(Beginning of Data shown)
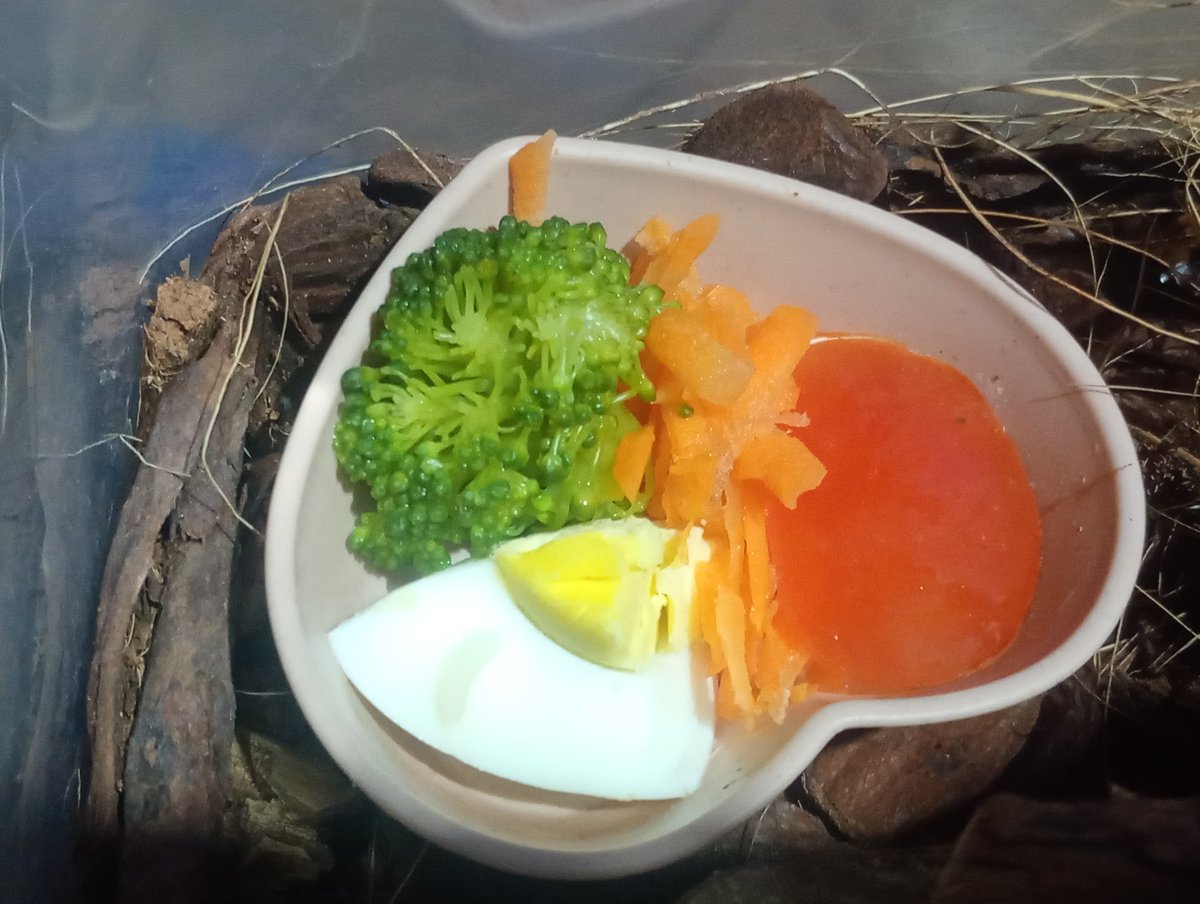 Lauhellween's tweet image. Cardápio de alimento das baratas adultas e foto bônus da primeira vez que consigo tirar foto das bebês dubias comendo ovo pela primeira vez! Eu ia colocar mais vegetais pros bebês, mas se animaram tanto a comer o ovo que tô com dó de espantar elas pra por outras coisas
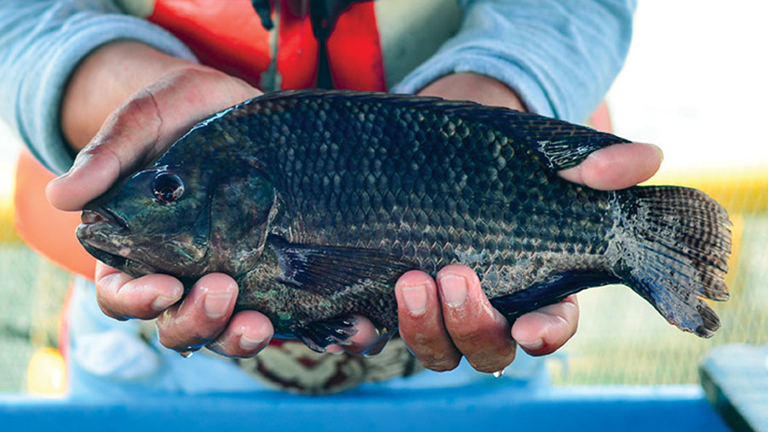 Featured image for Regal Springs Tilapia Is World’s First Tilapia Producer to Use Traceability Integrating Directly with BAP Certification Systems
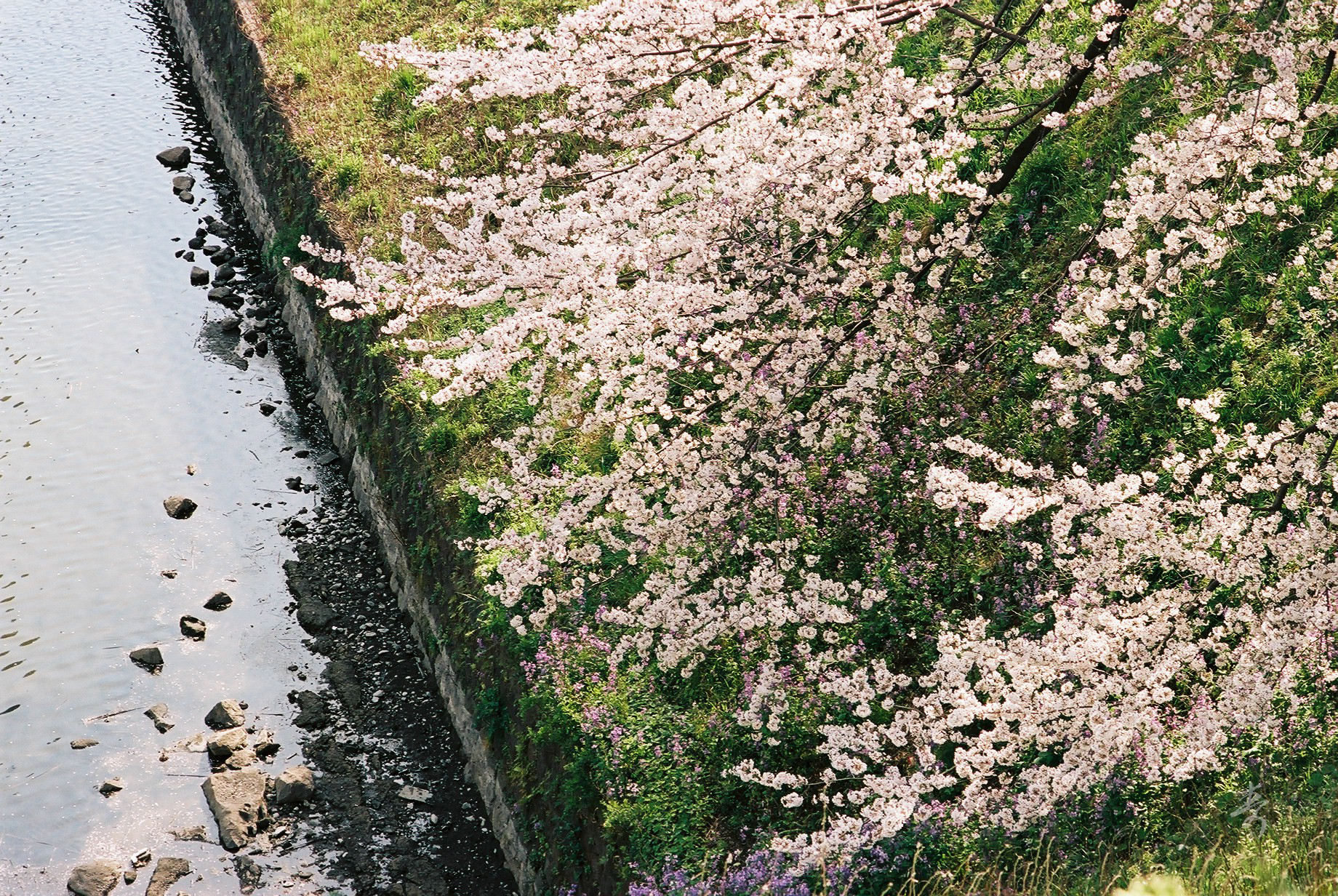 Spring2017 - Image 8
(End of Data shown)
» What the task requires: Before you finish, make sure every line above has been repeated exactly and no picture remains in the copy.

» Response to this exercise:
 Lauhellween's tweet image. Cardápio de alimento das baratas adultas e foto bônus da primeira vez que consigo tirar foto das bebês dubias comendo ovo pela primeira vez! Eu ia colocar mais vegetais pros bebês, mas se animaram tanto a comer o ovo que tô com dó de espantar elas pra por outras coisas
 Featured image for Regal Springs Tilapia Is World’s First Tilapia Producer to Use Traceability Integrating Directly with BAP Certification Systems
 Spring2017 - Image 8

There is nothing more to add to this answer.